Ravindra Reddy Chowreddy has received MSc in Chemistry from Bangalore University, Bangalore, India in 1999 and PhD in Applied Sciences from Visvesvaraya Technological University, India in 2006. He has 4 years of Post-doctoral research experience from University of Waterloo, Canada. Currently, he is working as a Senior Researcher at Norner AS, an industrial R&D services provider in the field of plastics in Norway. His research areas of interest include polymer nanocomposites, bioplastics from the renewable sources and food co-streams.

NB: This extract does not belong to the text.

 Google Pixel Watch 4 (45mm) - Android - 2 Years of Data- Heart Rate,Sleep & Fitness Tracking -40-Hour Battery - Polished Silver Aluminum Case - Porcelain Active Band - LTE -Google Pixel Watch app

Polymer nanocomposites (PNCs) containing organic and inorganic nano-fillers have attracted great interest from both academia and industry due to their unique characteristics. PNCs exhibit superior mechanical properties, lower permeability for gases, improved flame retardancy, better thermal stability, improved chemical resistance, and enhanced thermal and electrical conductivity. In the present study, recycled poly(ethylene terephthalate) (PET) nanocomposites containing multi-wall carbon nanotubes (CNTs) were prepared through melt compounding via masterbatch dilution method. The masterbatch and the nanocomposites were processed in a twin-screw extruder. The resulting PET-CNT nanocomposites were characterized for rheological, thermal, mechanical and morphological properties. Incorporation of CNTs into recycled PET at reasonably lower concentration significantly increases the viscosity. The storage modulus and loss modulus of nanocomposites was also increased with CNTs loading and which was more pronounced at lower frequencies. The incorporated CNTs in recycled PET increase the degree of crystallinity and crystallization temperature through heterogeneous nucleation. Thermal stability and glass transition temperature of PET-CNT nanocomposites was slightly higher than the reference recycled PET. The tensile properties of PET-CNT nanocomposites increased even at low concentrations of CNTs. Morphological investigation through scanning electron microscopy indicated homogeneous dispersion of CNTs at lower concentrations. At higher concentrations, the CNTs tend to agglomerate due to nanotube-nanotube interactions.